Despite critical acclaim and becoming the highest charting all-Spanish album in U.S. history, YHLQMDLG was overlooked in every non-Latin category, receiving just a single nomination for Best Latin Pop Album. Meanwhile, "Un Día (One Day)," Bad Bunny's bilingual collaboration with Dua Lipa, J Balvin, and Tainy, is the only song from Latinx artists to be nominated in a general category, though it charted way below many of this year's other Latin hits.

The lack of Latin American representation in the Grammys' heavy-hitting categories isn't unusual, but it's especially disappointing considering the groundbreaking global popularity of YHLQMDLG, even — and especially — among non-Spanish speakers.

The United States has no official language. After English, Spanish is the country's second-most spoken tongue by far, and the U.S. is home to the second-largest Spanish-speaking population in the world, over 50 million people, falling only behind Mexico. Bad Bunny's music is not in "another" language for that population — it's in their language. And whether fans understand the lyrics or not, something has clicked. Just this week, Spotify announced that Bad Bunny is the most-streamed artist of the year, with more than 8.3 billion streams since January.

Born and raised in Puerto Rico, Bad Bunny is technically a U.S. citizen, which makes his erasure from America's biggest night in music even more glaring. Despite being a territory of the United States, the island and its talents have always been ostracized from the American music world.

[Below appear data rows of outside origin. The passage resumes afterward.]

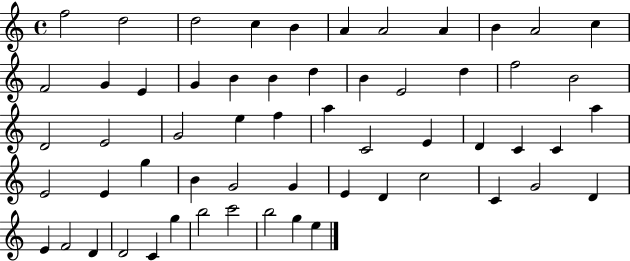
F5/h D5/h D5/h C5/q B4/q A4/q A4/h A4/q B4/q A4/h C5/q F4/h G4/q E4/q G4/q B4/q B4/q D5/q B4/q E4/h D5/q F5/h B4/h D4/h E4/h G4/h E5/q F5/q A5/q C4/h E4/q D4/q C4/q C4/q A5/q E4/h E4/q G5/q B4/q G4/h G4/q E4/q D4/q C5/h C4/q G4/h D4/q E4/q F4/h D4/q D4/h C4/q G5/q B5/h C6/h B5/h G5/q E5/q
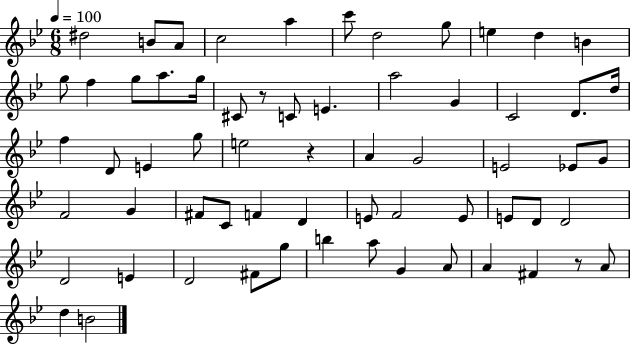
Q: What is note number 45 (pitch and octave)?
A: D4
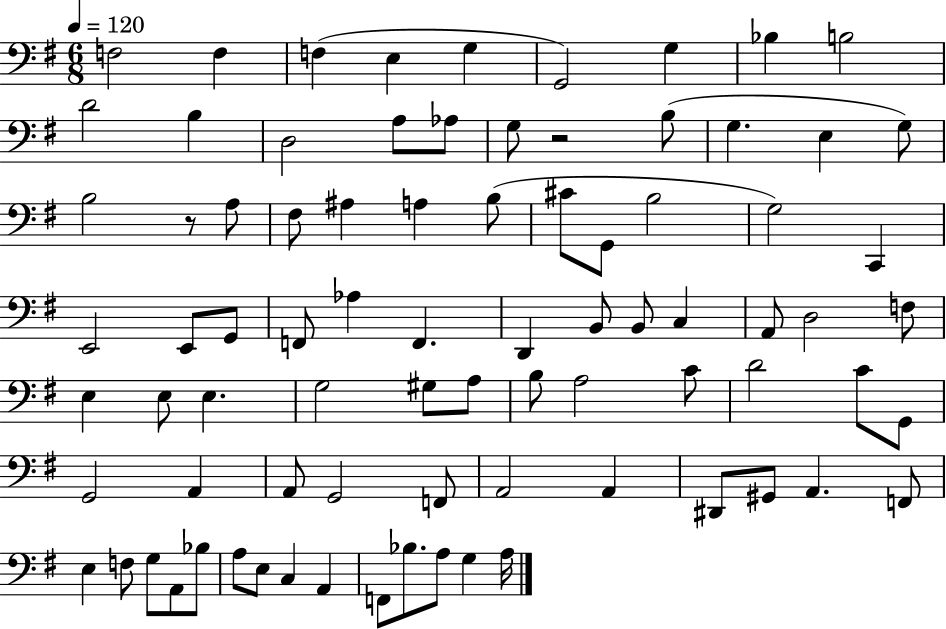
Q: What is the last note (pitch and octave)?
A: A3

Musicians like Benito, Luis Fonsi, and Ozuna have recently found mainstream success in the States, but industry recognition has been devastatingly slow to follow.

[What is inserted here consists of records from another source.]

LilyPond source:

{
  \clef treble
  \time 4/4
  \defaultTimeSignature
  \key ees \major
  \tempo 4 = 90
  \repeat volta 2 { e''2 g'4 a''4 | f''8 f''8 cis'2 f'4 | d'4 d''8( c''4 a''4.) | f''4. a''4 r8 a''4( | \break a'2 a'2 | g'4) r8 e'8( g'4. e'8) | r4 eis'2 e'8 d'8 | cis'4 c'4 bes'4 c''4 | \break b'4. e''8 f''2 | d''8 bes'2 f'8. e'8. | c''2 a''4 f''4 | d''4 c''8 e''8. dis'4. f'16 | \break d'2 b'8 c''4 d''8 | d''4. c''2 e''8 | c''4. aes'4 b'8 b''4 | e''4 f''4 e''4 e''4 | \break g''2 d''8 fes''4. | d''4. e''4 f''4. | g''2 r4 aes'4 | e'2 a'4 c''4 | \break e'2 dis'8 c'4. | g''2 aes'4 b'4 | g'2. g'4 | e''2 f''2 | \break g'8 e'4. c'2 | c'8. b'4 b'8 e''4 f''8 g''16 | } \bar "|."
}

Then there's the critical aspect of YHLQMDLG, which has received more acclaim than many of the English albums nominated for this year's major awards. The album was considered so pivotal that it earned Bad Bunny a spot on the cover of Rolling Stone, along with inclusion on countless year-end lists from Uproxx, Esquire, and others. Even Pitchfork, American music's notoriously choosy watchdog, deemed it worthy of an 8.5 out of 10 rating, ranking it above Taylor Swift's Folklore and Dua Lipa's Future Nostalgia, two of the most-nominated albums at the upcoming Grammys. In the recent past, universally acclaimed albums like Beyoncé's Lemonade and Kendrick Lamar's DAMN. famously didn't win Album of the Year, but they were at least nominated for the top prize. So why did the Academy overlook YHLQMDLG?

Bad Bunny has fulfilled every prerequisite and checked every box on his path toward superstardom. YHLQMDLG flows from opening ballad "Si Veo a Tu Mamá" into vigorous club tracks with ease, sprinkling in nods to heavy metal with "Hablamos Mañana" and electropop influences on "Soliá." The 26-year-old even goes so far as to lecture listeners on the importance of consent in "Yo Perreo Sola." He closes out the 20-song album with a thank-you note to fans on "<3," toeing the line between singing and rapping as he reflects on the revolutionary career he's built with our help.

The album is a globally-minded triumph that spans genres, pays homage to reggaeton's OGs, and resonates even with those who don't understand its lyrics. But the problem isn't that some fans can't understand Bad Bunny; it's that the Recording Academy is overlooking a language plenty of people in this country do understand. If all the boundaries YHLQMDLG has broken still aren't enough for the Grammys, it's hard not to wonder whether Spanish-speaking artists, even those who reside in this country, will ever receive their due diligence in the United States.

After finishing my first full listen of El Último Tour Del Mundo last week, I came to a strange realization about my country's relationship with non-English arts. I recalled the historic decision made at the 2020 Oscars to award Korean film Parasite the title of Best Picture, and thought back further, still, to 2019, when the Spanish-language Roma received an unprecedented nine Oscar nominations, taking home a total of three. Both movies deserved all the recognition they received and more, but they forced me to reflect: With everyone from the film Academy to ordinary Americans embracing entertainment in other languages, what excuse could the Grammys possibly have for lagging behind?